Using docker to test before deploying on Kubernetes
Troubleshooting and testing the pipeline using docker compose is a good way to test the pipeline before deploying it on Kubernetes (even kind). It really helps to understand how the different components interact with each other and, specially, how to configure them.
Network Introspection of the pipeline
Using Kyanos
Using Kyanos to introspect the network traffic of the pipeline. Kyanos is an eBPF-based network issue analysis tool that enables you to capture network requests, such as HTTP, Redis, and MySQL requests, yes you read it right L7 with eBPF
Running the following command can identity the slowest requests in the pipeline:
1
2
# considered increasing the time to catch more requests
sudo kyanos stat --slow --time 10
The TUI will show something like this:
Scrapping the RabbitMQ metrics takes a whooping (and fortunately constant) ~35ms. You might also see requests from vector aggregator to openobserve here (interesting considering that the data has been compressed)
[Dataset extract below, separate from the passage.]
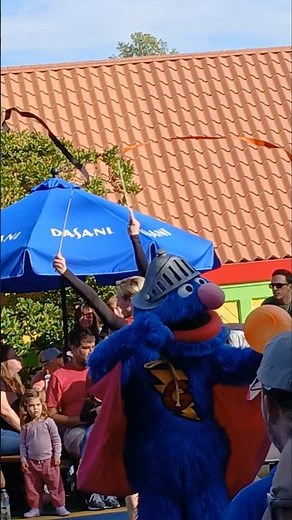 Super Grover having such fun but maybe a little too much💙🎃🍭 #sesameplacephiladelphia #supergrover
Increasing granularity with TraceeShark
Traceeshark brings the world of Linux runtime security monitoring and advanced system tracing to the familiar and ubiquitous network analysis tool Wireshark. Using Traceeshark, you can load Tracee captures in JSON format into Wireshark, and analyze them using Wireshark’s advanced display and filtering capabilities
After tracing the pipeline with Tracee, you can load the JSON file into Wireshark and analyze it using Wireshark’s filtering capabilities. Filtering by event name and process name (tracee.eventName == "net_packet_raw") && (tracee.processName == "erts_sched_2")
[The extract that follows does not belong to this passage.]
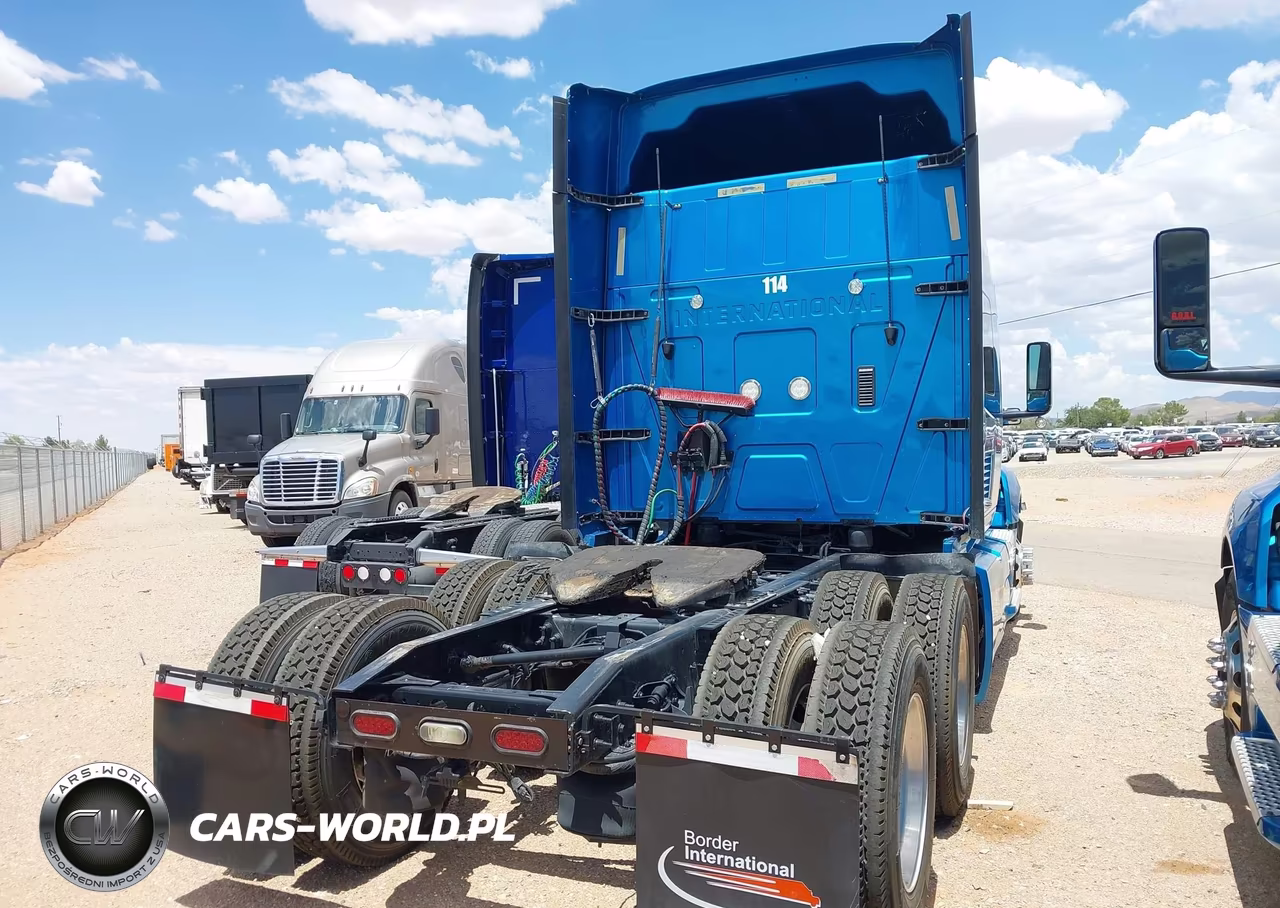 2019 International Lt VIN:3HSKZAPR5KN391334 - 4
you will see many packets from RabbitMQ to Vector being retransmitted
75055 3.711563231 TCP e798c7cf4174 1 20 erts_sched_2 33 net_packet_raw writev 172.18.0.8 172.18.0.13 [TCP Retransmission] 15692 → 40404 [PSH, ACK] Seq=7241 Ack=187 Win=65024 Len=7240 TSval=3992918735 TSecr=2436525398
This is also an interesting result considering that both containers shared the same docker network.